Film by Paul Etheredge

The Other is a 2025 American psychological horror film written and directed by Paul Etheredge. It stars Olivia Macklin, Dylan McTee, Avangeline Friedlander, Lily D. Moore, and Shawnee Smith.

The film premiered at Dallas International Film Festival on April 26, 2025. It was released on digital platforms in the United States on June 13, 2025.

==Premise==
Robin and Daniel foster Kathelia who is mute with a dark past that haunts the family.

==Cast==
- Olivia Macklin as Robin
- Dylan McTee as Daniel
- Avangeline Friedlander as Kathelia
- Lily D. Moore as Fiona
- Shawnee Smith as Lizzie

==Production==
Paul Etheredge conceived the story of the film by being inspired by a vivid nightmare he experienced in his 20s while on vacation in Costa Rica and anticipating the birth of his first child. Etheredge described the dream as: "It was about me being a new dad and having anxieties about having to care for a child who was destructive and dangerous. The dream was about my struggles in being a good dad when I can't control my child and we're not connecting. It was probably 10 seconds long, but there was all this story that was in there. It stayed with me."

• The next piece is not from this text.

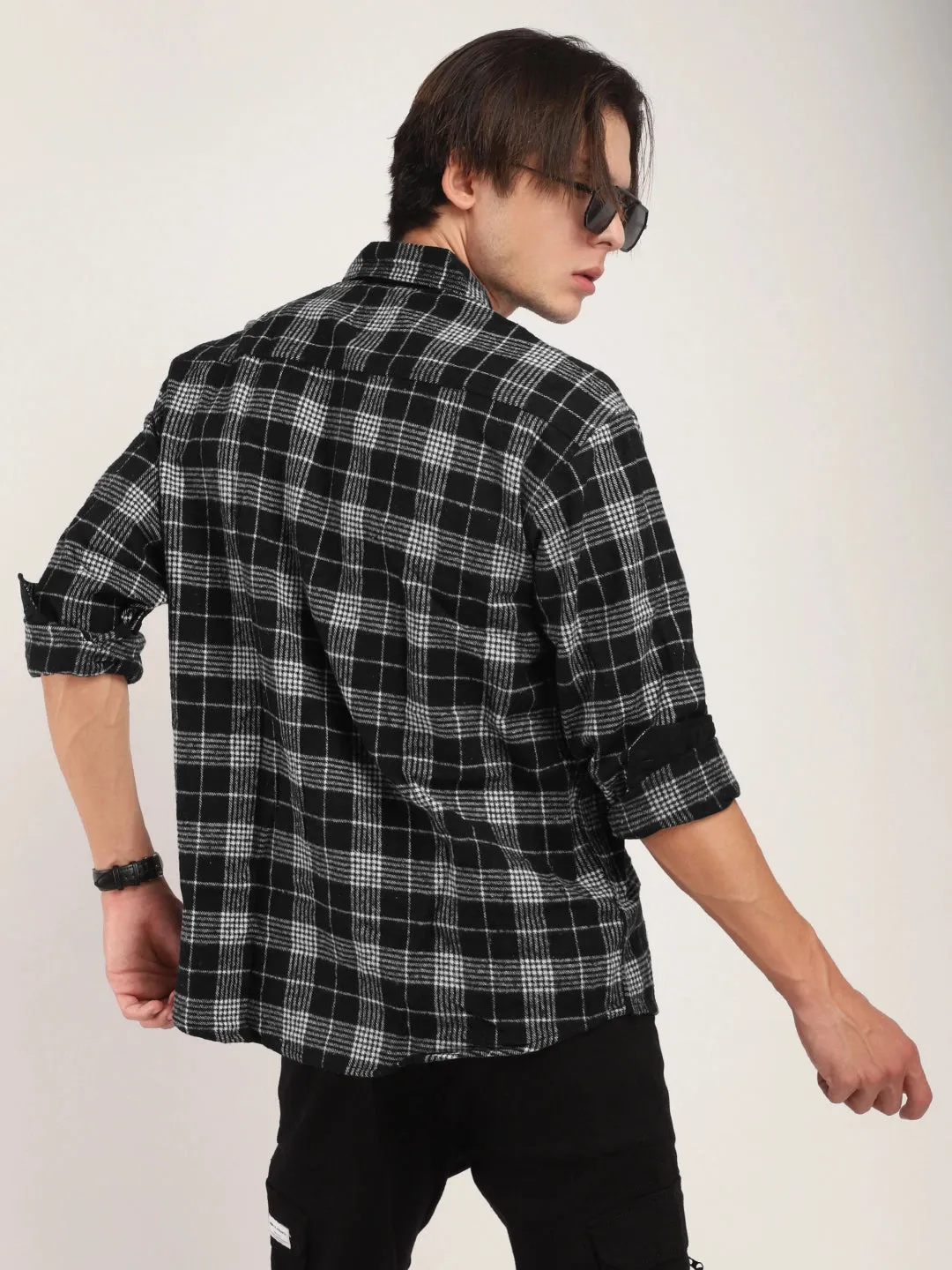 Falanel Check Black Full Sleeve Shirt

Following his 2009 film Angel of Death, Etheredge's career slowed, which he attributed to the 2008 economic recession and its adverse impact on independent film financing. During this time, he shifted his focus to work as a production designer. In the early 2020s, Etheredge revisited the concept from his decades-old dream and partnered with longtime friend and producer Jeffrey Reddick to pursue funding. However, financing fell apart so producer Lisa Normand was brought in. The resulting film, The Other—originally titled Psychopomp—became the first feature produced by Normand's Camp Lucky Studios, which also handled post-production.

The film stars Olivia Macklin, Dylan McTee, Avangeline Friedlander, Lily D. Moore, and Shawnee Smith. Principal photography took place in the Lakewood neighborhood of Dallas for 30 days between May and June 2023. To minimize production costs, Etheredge shot primarily at the home and property of his mother. The production utilized all local crew, including cinematographer Noe Medrano Jr.

==Release==
In November 2024, it was reported that Film Mode Entertainment had acquired the film for sales. It premiered at the Dallas International Film Festival on April 26, 2025. The Other was released on digital in the United States by Quiver Distribution on June 13, 2025.